** INFORMATION follows **

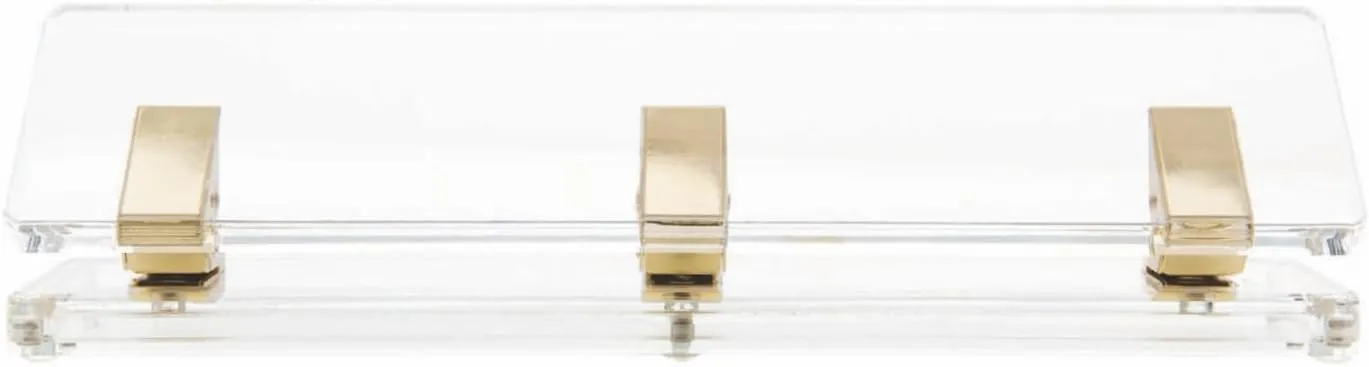 russell hazel Acrylic Signature Hole Punch, Clear with Gold-Toned Hardware, 11” x 2.75” x 2.75” 44629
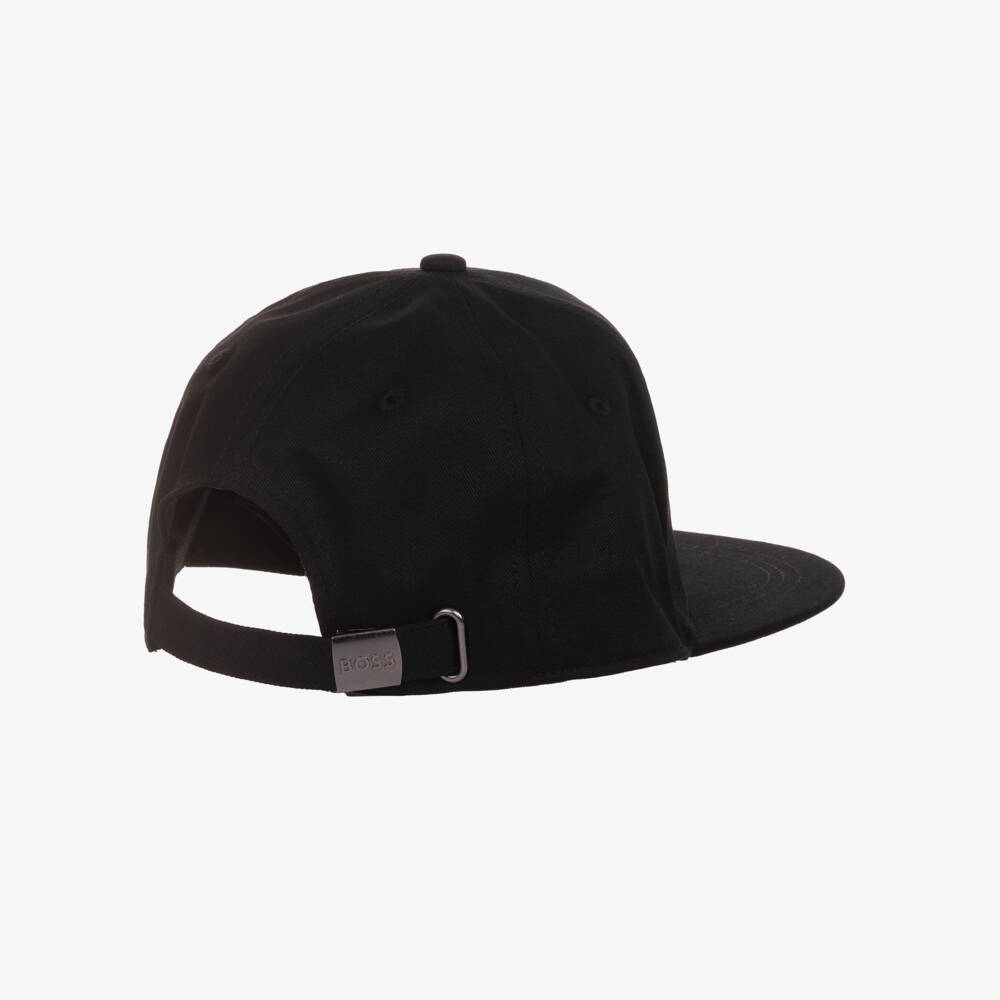 BOSS-Girls Black Cotton Twill Logo Cap | Childrensalon Outlet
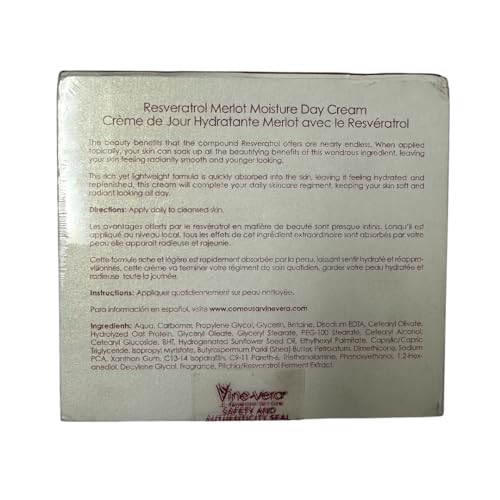 Vine Vera Merlot Day Cream - Resveratrol Skin Care Face Moisturizer - Anti Aging - Also Contains Oats, Shea Butter - 1.83 Oz
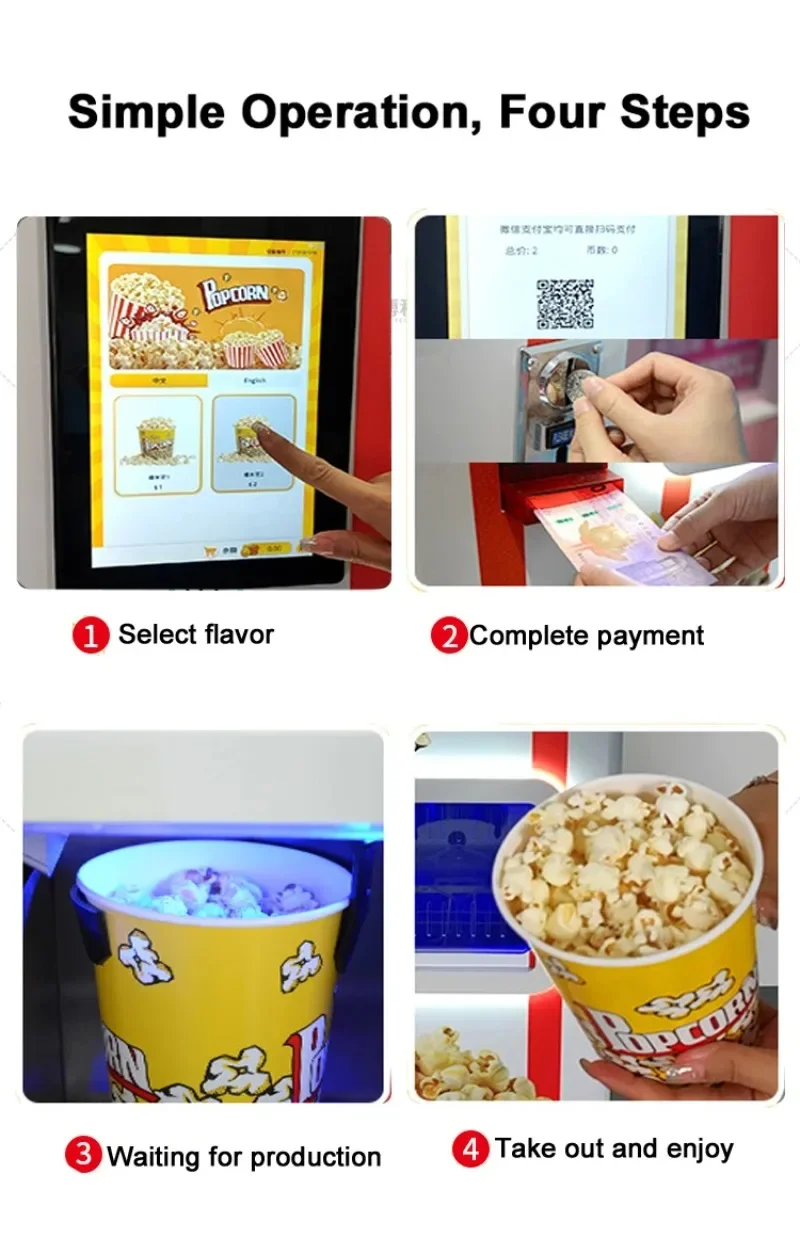 Professional Custom Commercial Popcorn Making Vending Machine 10 Inch Touch Screen Automatic Popcorn Machine for Cinema Engine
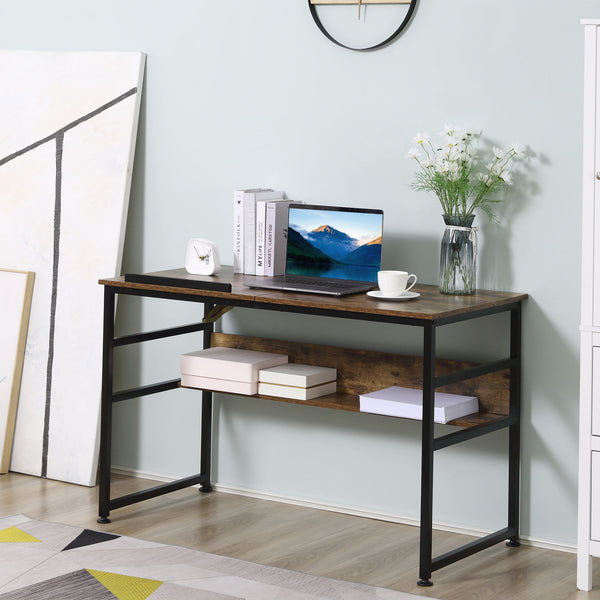 Table à dessin réglable avec plateau inclinable et étagère de rangement, brun rustique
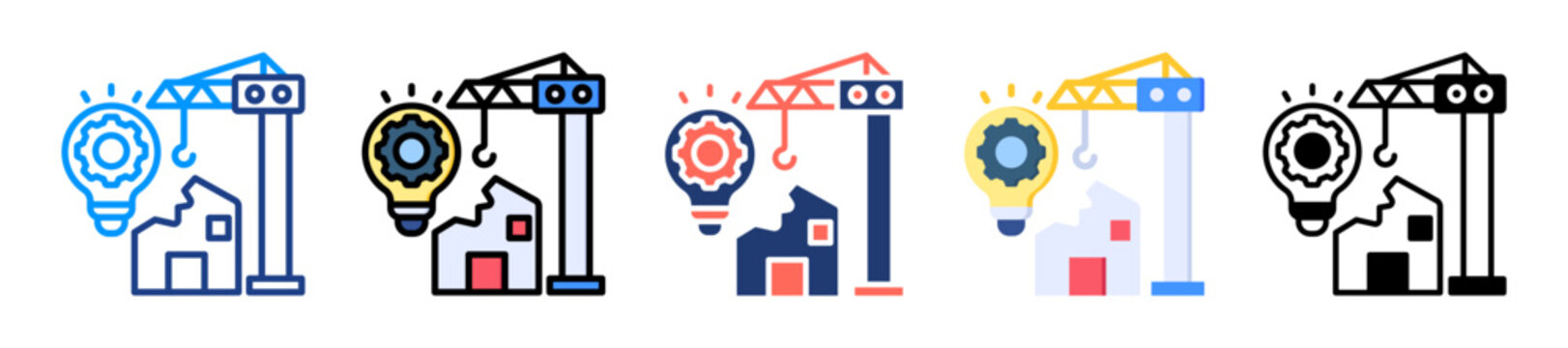 Construction Innovation Icon Sheet Multiple Style Collection 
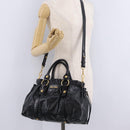 Miu Miu Hand Bag Leather 2way Black Gold Auth 167738SAM-29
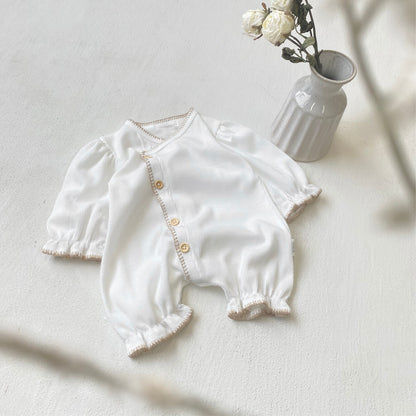 長袖ロンパース Waffle Lantern Sleeve Jumpsuit ワッフル地 ランタンスリーブ ロンパース【mh0011942】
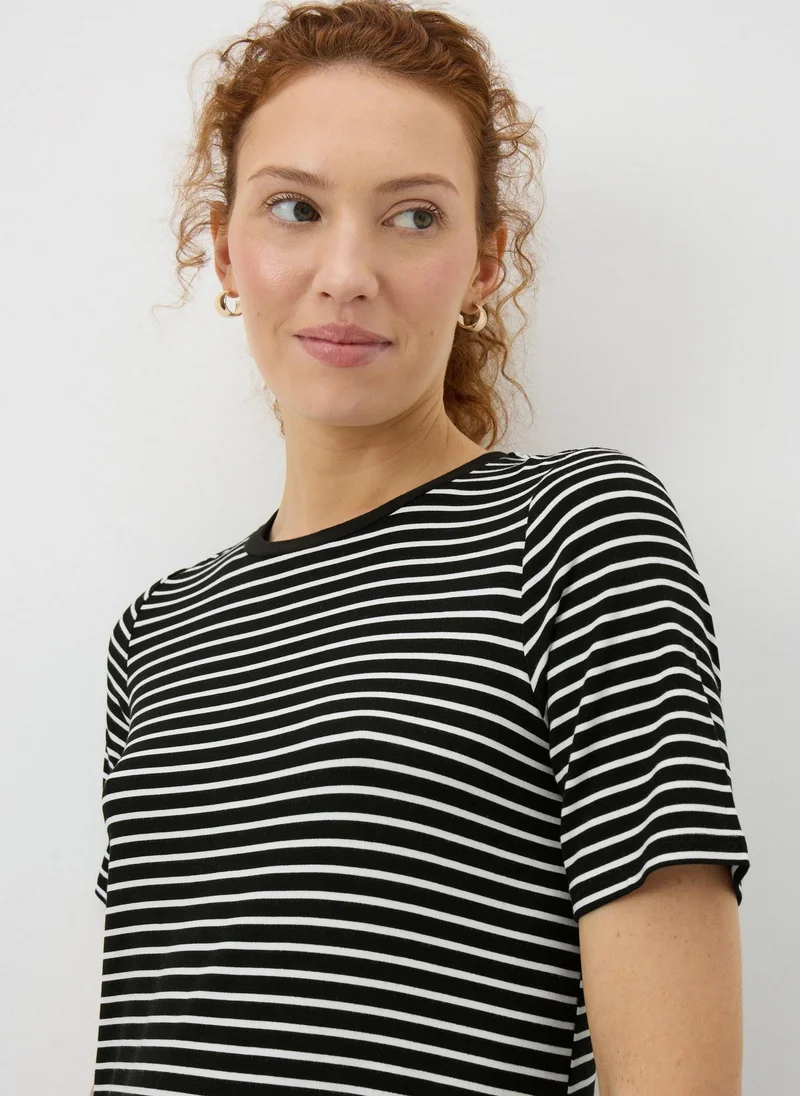 Matalan black and white striped Black Stripe T-Shirt Midi Dress for Women | Best Price UAE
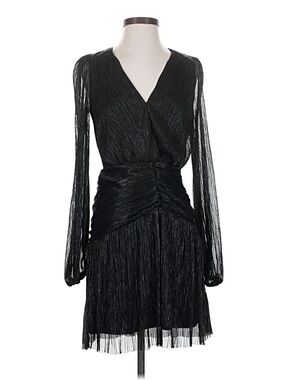 Banana Republic Black Sheer Long-Sleeve Ruched Waist Dress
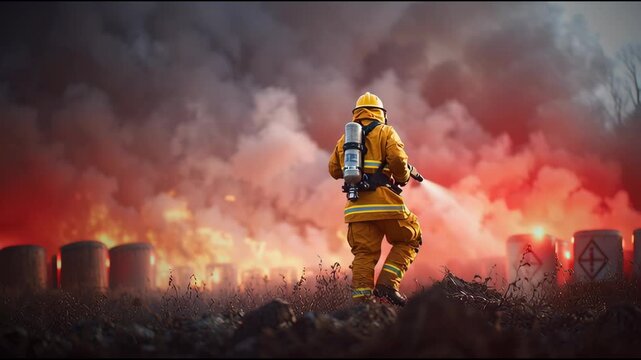 Firefighter foam blaze chemical smoke industrial emergency hazard protective hose, courageous rescue with intense blaze and heavy smoke industrial zone, urgent response shows protective gear and hose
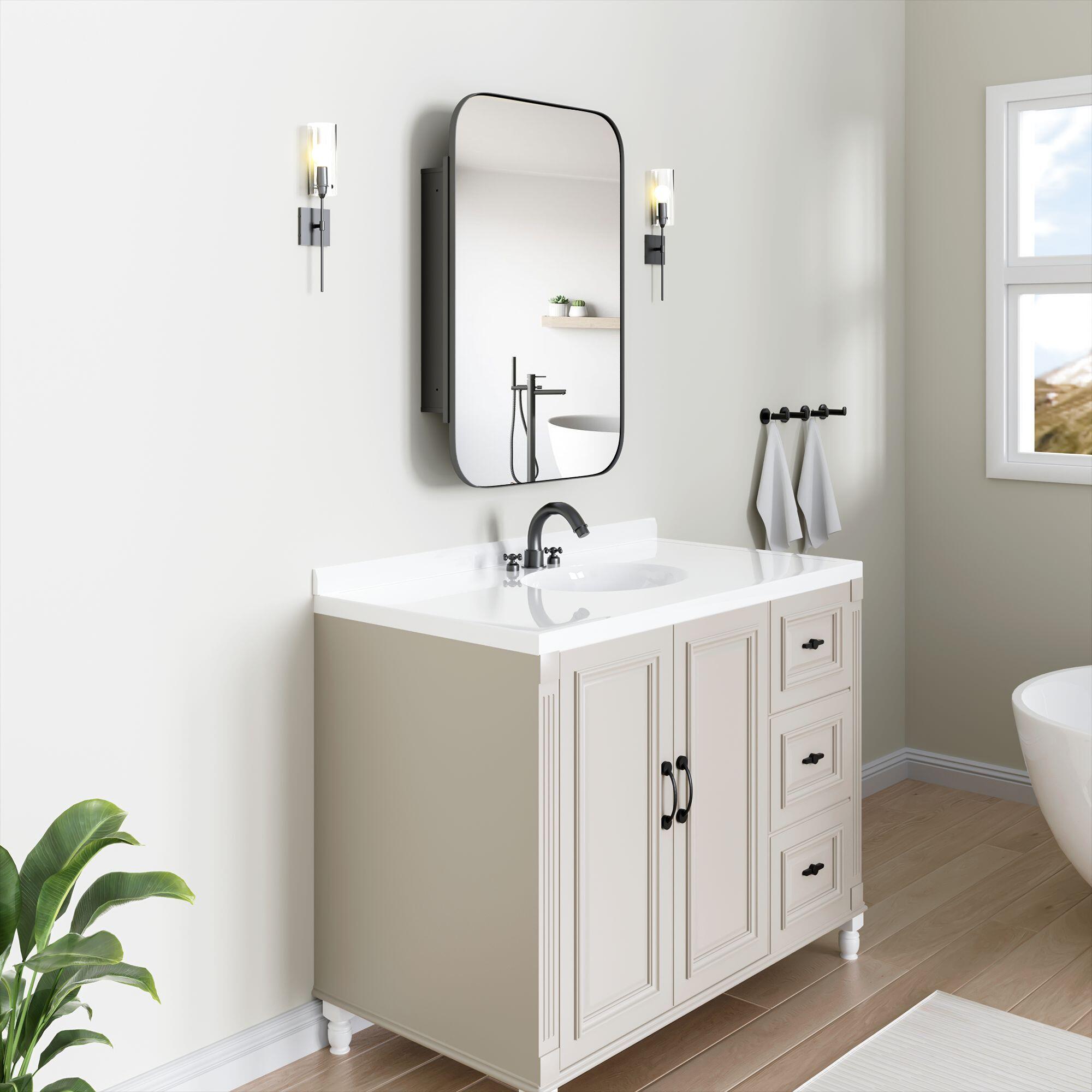Dovelina Luminare Rectangular Medicine Cabinet with Mirror, Black, large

** End of INFORMATION **

# TASK ITEM
Omit every picture, and please return the entries exactly from the first line through the line with "Professional Custom Commercial", both included.

# WORKED SOLUTION
 russell hazel Acrylic Signature Hole Punch, Clear with Gold-Toned Hardware, 11” x 2.75” x 2.75” 44629
 BOSS-Girls Black Cotton Twill Logo Cap | Childrensalon Outlet
 Vine Vera Merlot Day Cream - Resveratrol Skin Care Face Moisturizer - Anti Aging - Also Contains Oats, Shea Butter - 1.83 Oz
 Professional Custom Commercial Popcorn Making Vending Machine 10 Inch Touch Screen Automatic Popcorn Machine for Cinema Engine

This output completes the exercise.